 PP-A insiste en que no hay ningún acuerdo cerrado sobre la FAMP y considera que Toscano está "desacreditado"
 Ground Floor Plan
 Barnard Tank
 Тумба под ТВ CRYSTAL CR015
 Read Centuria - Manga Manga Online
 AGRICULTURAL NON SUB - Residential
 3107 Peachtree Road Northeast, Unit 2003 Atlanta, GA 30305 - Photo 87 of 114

...

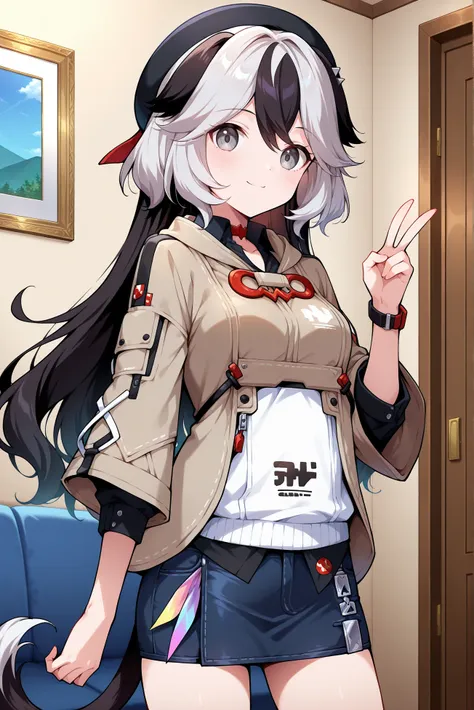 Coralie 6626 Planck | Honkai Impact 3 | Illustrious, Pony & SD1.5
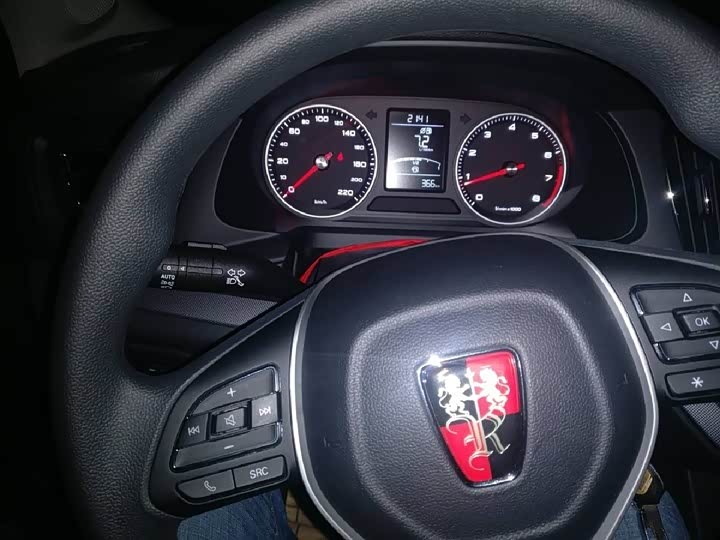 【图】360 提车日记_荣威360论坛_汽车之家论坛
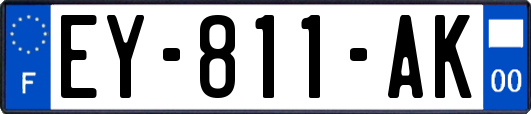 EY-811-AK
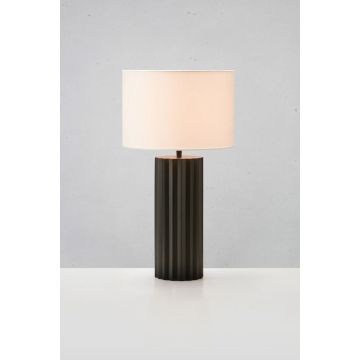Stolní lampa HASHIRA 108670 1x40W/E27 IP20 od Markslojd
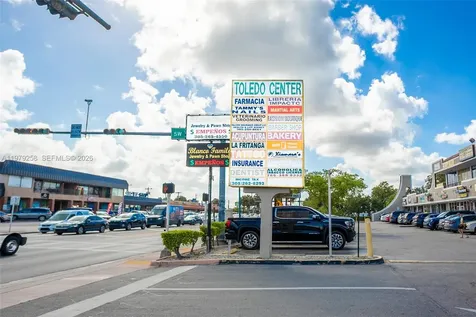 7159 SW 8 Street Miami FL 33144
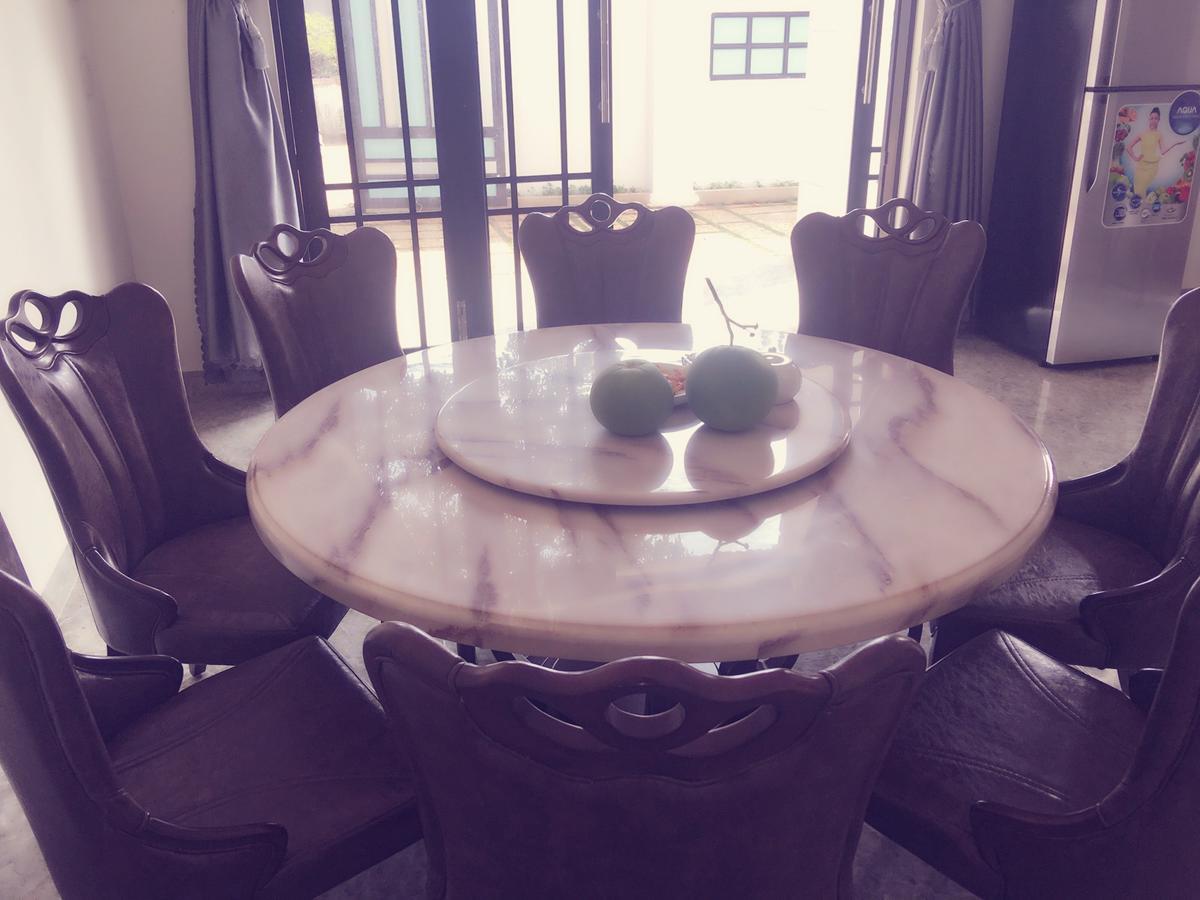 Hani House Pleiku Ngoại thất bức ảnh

* * *

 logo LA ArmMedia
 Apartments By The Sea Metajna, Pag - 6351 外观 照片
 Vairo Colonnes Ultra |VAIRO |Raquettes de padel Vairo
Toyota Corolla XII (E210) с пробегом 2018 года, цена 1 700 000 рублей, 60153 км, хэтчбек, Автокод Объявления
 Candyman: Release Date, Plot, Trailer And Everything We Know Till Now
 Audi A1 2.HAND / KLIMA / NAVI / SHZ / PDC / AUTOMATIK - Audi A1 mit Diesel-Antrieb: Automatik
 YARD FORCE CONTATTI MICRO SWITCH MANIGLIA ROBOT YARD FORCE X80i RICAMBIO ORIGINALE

About this exercise =>
Take from the material above the lines running from the one with "PP-A insiste en" through the one with "3107 Peachtree Road", and repeat them exactly, with nothing else.

Response area =>
 PP-A insiste en que no hay ningún acuerdo cerrado sobre la FAMP y considera que Toscano está "desacreditado"
 Ground Floor Plan
 Barnard Tank
 Тумба под ТВ CRYSTAL CR015
 Read Centuria - Manga Manga Online
 AGRICULTURAL NON SUB - Residential
 3107 Peachtree Road Northeast, Unit 2003 Atlanta, GA 30305 - Photo 87 of 114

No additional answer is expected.